They might have a different collection of nontreated people that they can build into a linear combination to produce a close match to their pretreatment behavior. And then you can go ahead and apply the treatment and find out what the results are. Now one piece of mathematics here I feel like I kinda have to describe, and that is how do you find this linear combination of non treated individuals that go ahead and match up with the treated individual? Well, what you're actually looking for here is this vector w, w star here in this summation notation. You're looking for this vector that actually minimizes this sum over the pretreatment time period between the treated individual behavior across that time series and the linear combination with those weights for the group that's in the non treaty population.

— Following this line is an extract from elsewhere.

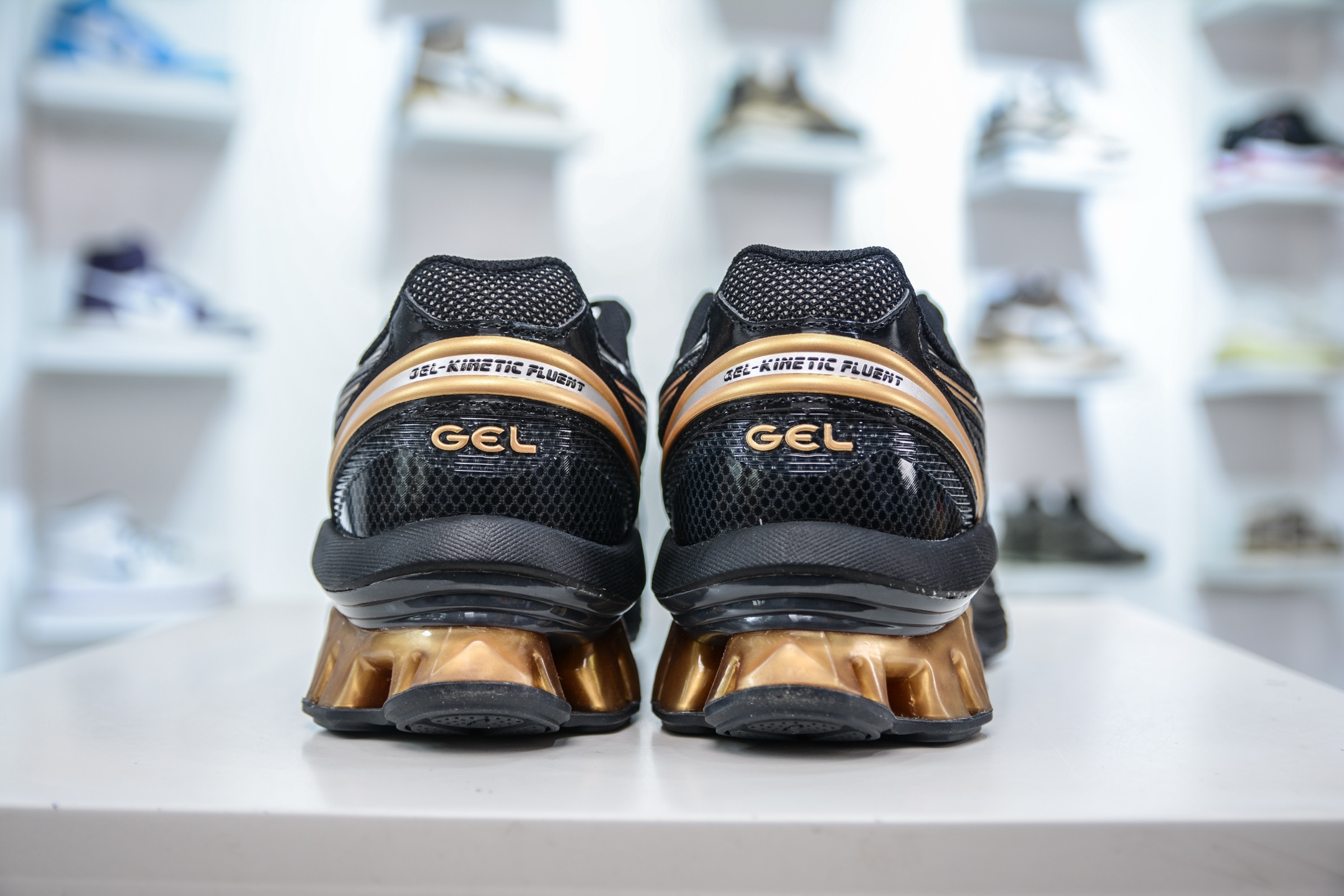 Asics Gel-Kinetic Fluent 亚瑟士运动休闲透气专业跑鞋 1203A591-001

And under certain regularity conditions, which aren't too hard to meet, this this identity, this set of weights exists and can be used. And so you can find a weight that minimizes this sum difference here, and that means you've got a closely match linear combination. Now I simplified it greatly in this example I'm showing you. It's usually many, many more control points than just three or four, but the weights quickly drop off when there's a high collection of regularity to the way that this information is distributed. There's some caveats here statistically about, you know, finding matching vectors inside the convex hull of the non treated individuals and the covariant factors that you can sort of ignore for now or read about in the research if you're really interested in it.
So what does this actually mean? So it means that I can go ahead and take a look at these treated individuals and look at their synthetic controls, so both the blue treated individual and the red treated individual, compare them to their synthetic controls. We see the blue individual didn't become an Uber developer, but the red individual did. And so we can measure some kind of difference in impact on what happened to the thing we're measuring after the treatment period has has happened. So this is, are they using the platform more, or are they billing more on the platform?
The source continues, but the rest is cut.